Pokir Berubah Fungsi: Dari Aspirasi ke Alat Dagang Politik

Secara ideal, Pokir adalah wadah penyampaian aspirasi rakyat dari daerah pemilihan (dapil) ke dalam APBD.

Namun dalam praktiknya, kepentingan politik kerap memboncng usulan Pokir, bahkan digunakan untuk mengamankan proyek bagi rekanan tertentu.

“Pokir menjadi alat politik transaksional. Bukan lagi representasi rakyat, tapi alat dagang kekuasaan,” ujar Agusandi, dosen Keuangan dan Perbankan Universitas Katolik Santo Agustinus Hippo.

Ia menyebut bahwa pengawasan terhadap Pokir sangat lemah, sementara celah untuk menyalahgunakan kewenangan tetap terbuka lebar.

Legislator Menjadi Broker, OPD Jadi Korban Tekanan

Dalam berbagai kasus di Sumatera Utara, Jambi, hingga Jawa Timur, pola yang terungkap hampir sama: legislator menitipkan proyek di luar dapilnya, kemudian mendikte dinas teknis untuk menggunakan rekanan tertentu.

“Pokir masuk dengan paksaan meski bukan dari dapil sendiri. Proyek titipan, penentuan vendor, lalu fee di muka. Itu bukan sekadar dugaan, tapi kejadian berulang,” tegas Tito.

Ironisnya, Organisasi Perangkat Daerah (OPD) yang seharusnya menjadi pelaksana program daerah, justru tertekan oleh kekuasaan legislatif.

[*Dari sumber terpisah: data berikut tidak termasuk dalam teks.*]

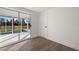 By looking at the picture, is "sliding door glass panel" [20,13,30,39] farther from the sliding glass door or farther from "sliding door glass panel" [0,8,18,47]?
"sliding door glass panel" [0,8,18,47]

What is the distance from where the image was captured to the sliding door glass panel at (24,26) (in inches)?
132

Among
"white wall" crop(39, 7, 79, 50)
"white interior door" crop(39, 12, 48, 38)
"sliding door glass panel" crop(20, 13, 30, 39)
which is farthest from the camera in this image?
"sliding door glass panel" crop(20, 13, 30, 39)

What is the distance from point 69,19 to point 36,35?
1537 mm

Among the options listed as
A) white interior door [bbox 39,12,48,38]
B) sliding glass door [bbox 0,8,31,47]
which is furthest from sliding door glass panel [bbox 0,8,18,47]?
white interior door [bbox 39,12,48,38]

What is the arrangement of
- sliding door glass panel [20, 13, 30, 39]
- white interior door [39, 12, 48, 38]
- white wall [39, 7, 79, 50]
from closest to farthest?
white wall [39, 7, 79, 50] < white interior door [39, 12, 48, 38] < sliding door glass panel [20, 13, 30, 39]

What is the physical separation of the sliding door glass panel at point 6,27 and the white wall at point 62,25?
1243 mm

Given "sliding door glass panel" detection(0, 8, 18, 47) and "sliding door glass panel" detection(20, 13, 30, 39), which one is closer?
"sliding door glass panel" detection(0, 8, 18, 47)

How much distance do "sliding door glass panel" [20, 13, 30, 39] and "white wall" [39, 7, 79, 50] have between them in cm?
64

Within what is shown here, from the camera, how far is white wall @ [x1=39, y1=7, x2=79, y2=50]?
2.74 m

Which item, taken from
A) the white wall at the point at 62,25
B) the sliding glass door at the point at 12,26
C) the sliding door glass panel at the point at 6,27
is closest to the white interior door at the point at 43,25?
the white wall at the point at 62,25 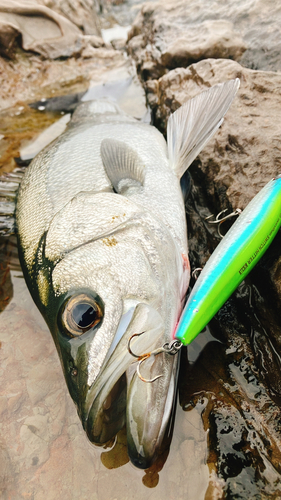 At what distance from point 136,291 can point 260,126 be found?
1.67m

Intervensi ini jelas melanggar prinsip tata kelola pemerintahan yang sehat.

Mendagri: Legislator Tak Punya Hak Eksekusi Anggaran

Tito mengingatkan bahwa DPRD hanya berwenang menyampaikan aspirasi, bukan menyusun atau mengeksekusi anggaran.

“Urusan menentukan rekanan, mengelola anggaran, itu hak eksekutif. Legislatif tidak boleh mengatur itu. Kalau sampai ikut main proyek, itu pelanggaran berat,” tandasnya.

Ia pun meminta kepala daerah untuk tegas menolak Pokir yang tidak relevan dengan aspirasi dapil, apalagi ada kepentingan politik yang menyusupinya.